My great-grandson and I had tea and cake and ate our sandwiches and it was fantastic, and we rang H and left the hall. We were followed by a random man with big black eyes that looked right through you. He was talking, jabbering at us, and Dex was quite afraid. He was actually within the normal spectrum of toy fair demographic, albeit pretty much right at one end. Eventually I said ‘run’ to Dex and we ran as fast as we could away from the nutter and took the next train into London. We sat and attempted a wooden puzzle I’d bought which seemed far too easy until a very pretty German woman explained the correct rules, and then it was far too hard so we just looked silly.
We walked from Waterloo al the way to the National Portrait Gallery to meet H – right up past the Festival Hall, right across Hungerford Bridge, where we stopped and read off the skyline against the little information board and each chose our favourite boat on the river and traced the rainbow from one bank to the other, right over Charing Cross tube station and through Charing Cross railway station, where we stopped again to watch a Chinese Lady Nutter screaming at a poster, and up through Trafalgar Squarewhere we stopped again to spot all the landmarks we could recognise from Tony Hawk’s Pro Skater 4, and finally to the NPG bookshop, where we met my wife dressed in pink.

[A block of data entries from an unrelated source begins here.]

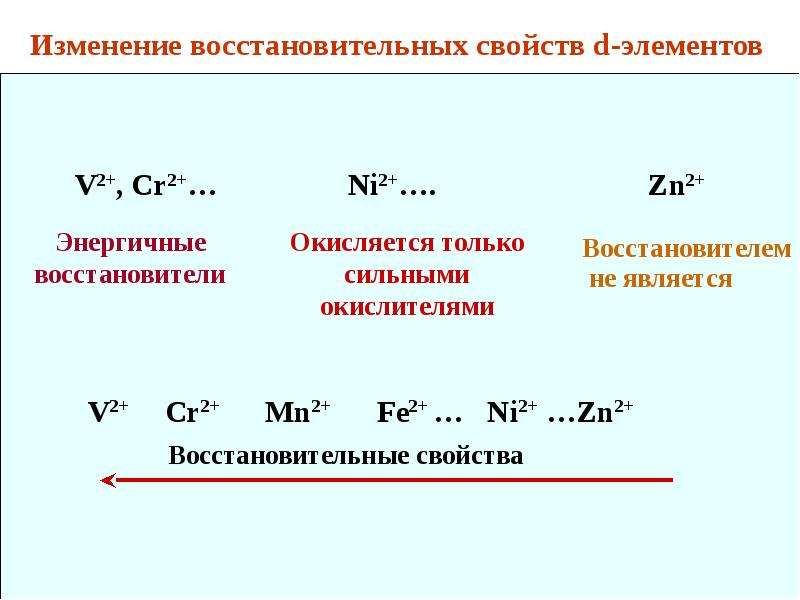 Химия d элементов презентация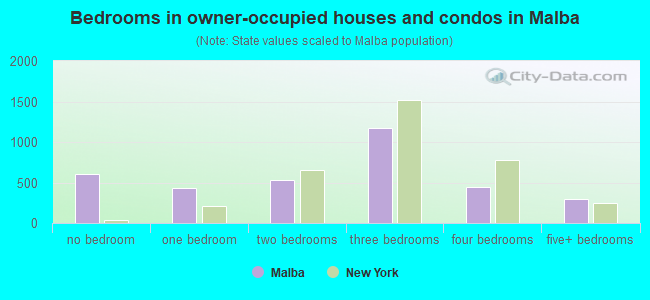 Bedrooms in owner-occupied houses and condos in Malba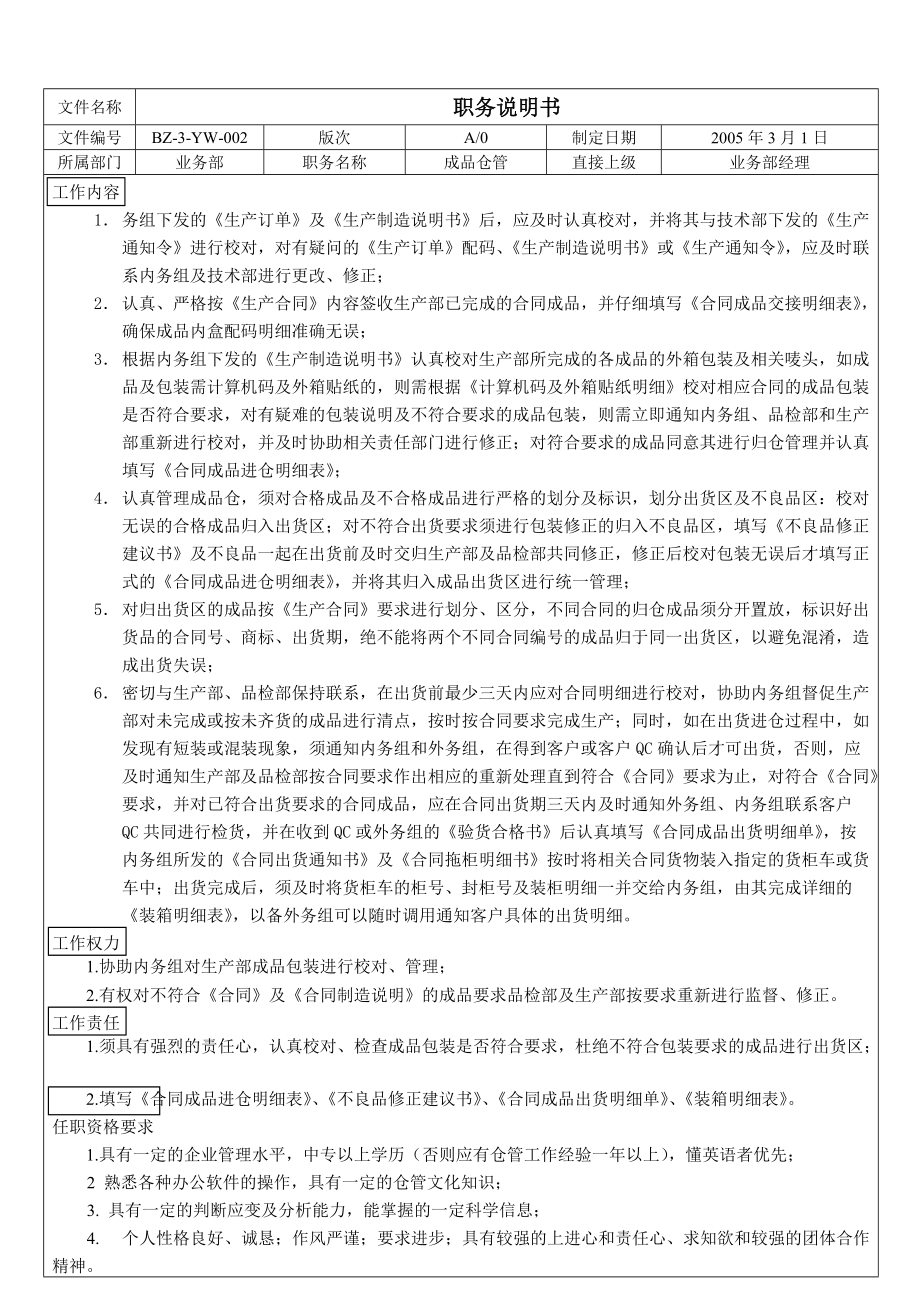 业务部职务说明书.docx_第2页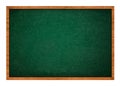 Green chalkboard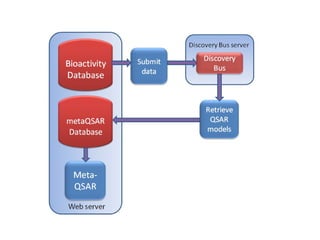Miscellaneous (HSA, Herg, CHI, Cl I ) Descriptors CDK, CDL, MOPAC, HQSAR, E-State, H-State, LSER, AlogP, XlogP Filter Feature Hall method Model Building (Continuous) RNN, Rlinear, Rpart, RPLS, GUIDE 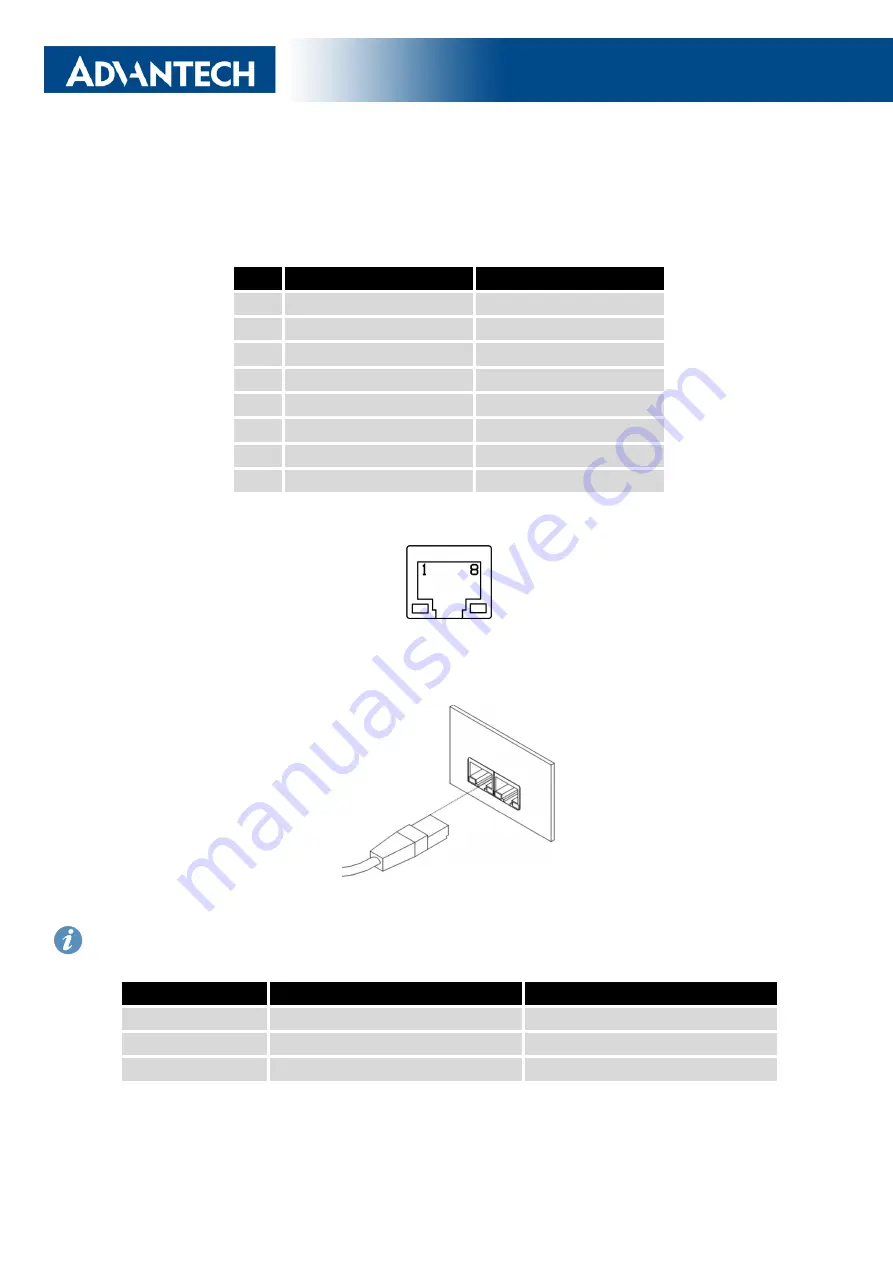 Advantech SmartFlex SR307 User Manual Download Page 32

We headed for the Tudors, Henry VIII and Elizabeth and Mary and Lady Jane Grey and the House of Lancaster and the House of York, and read all about them with Dex because he was doing a school project on them, but we were all too tired to take in much of the fragile, precious, remnants hanging on the walls, so we climbed up to the restaurant to be served tea & cakes by some superfluously snotty staff who appeared to be from another realm but who were probably 3rd year catering students. The sky was pink and black and we could see across to the silouhette of the London Eye, surreptitiously turning in the gathering gloom. Finally we bundled into a 38 on Charing Cross Road, full of shoppers making their way home. A Chinese man stood by us at the front, his white plastic bags of shopping on the baggage shelf. Every once in a while, one of his bags twitched with a loud snap. Evidently he was having fish for supper.